Data scientists and researchers actively look for new and better algorithms to solve existing problems. All the algorithms are mathematically and computationally heavy and have a lot of code involved. Say for example, you’ve made an algorithm which predicts the stock price of Google with 95% accuracy.

Following the normal way, you could keep on running the code on your machine and get predictions. Having said that you are comfortable looking at that code and perfectly understand the output, but what if the output was supposed to be interpreted by someone who has never coded in their life? 


Sign up for your weekly dose of what's up in emerging technology.

This is when we should think about deployment to ease the consumption of the algorithm for the normal public. Deploying your model as a web app or as a plugin for some website would benefit the user without having to worry about the code. 

This article will give you a basic understanding of Docker, its components, and its use cases. 

  • Types of Deployment
  • Possible solutions
  • Drawbacks of those solutions
  • What is a container?
  • Containers vs VMs
  • What is Docker?
  • Other types of containers.
  • Some terminology to get you started
  • Conclusion

Types of Deployment:

Mainly there are four types of deployments:

  • Batch: This is usually used when we are not concerned about immediate response or streaming data. In this case the model could be retrained after 24 hours by showing it the data collected over time.
  • Near Real Time: This could be used when building recommender systems. If you watch “Money Heist” on Netflix today, you might get suggestions for movies and series of the same genre the next time you hop on Netflix.
  • Real Time: A very good example could be stock price prediction. The market being volatile the model must recalculate itself every time the price of a stock changes.
  • Edge: Edge deployment means deploying your model on an IoT device like phones, raspberry pi etc. Here we’ll have to quantize our machine learning model for quicker responses. It’s you who has to decide between better accuracy or response time when deploying models on the edge. 

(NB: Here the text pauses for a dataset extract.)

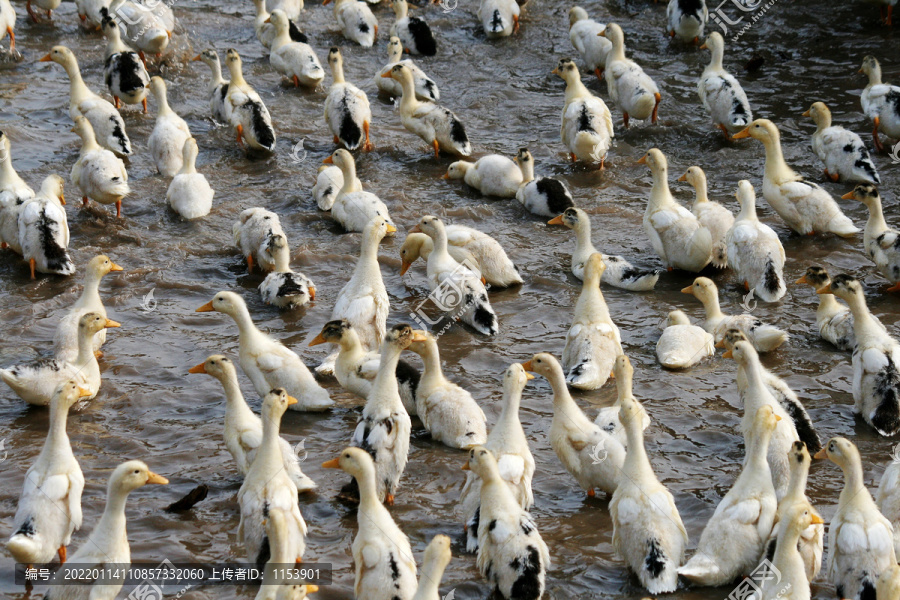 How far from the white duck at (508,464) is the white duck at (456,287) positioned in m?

The main thing required for the model deployment is the saved model file. There are several ways to save your model depending on the environment and tools you are working with. 

Possible solutions:

The easiest and quickest way is to use your saved model to make a web app using Flask, Django, Streamlit, etc. as per your requirement. Along with the model, you could also include a data transformation pipeline if you need one. Having done that, you’ll be able to run the web app on your local machine which means it is still not publicly accessible. To make it publicly available you’ll try and deploy it one some service and try to work around it. This might work for you once but it may not be the case every time. Let’s see why.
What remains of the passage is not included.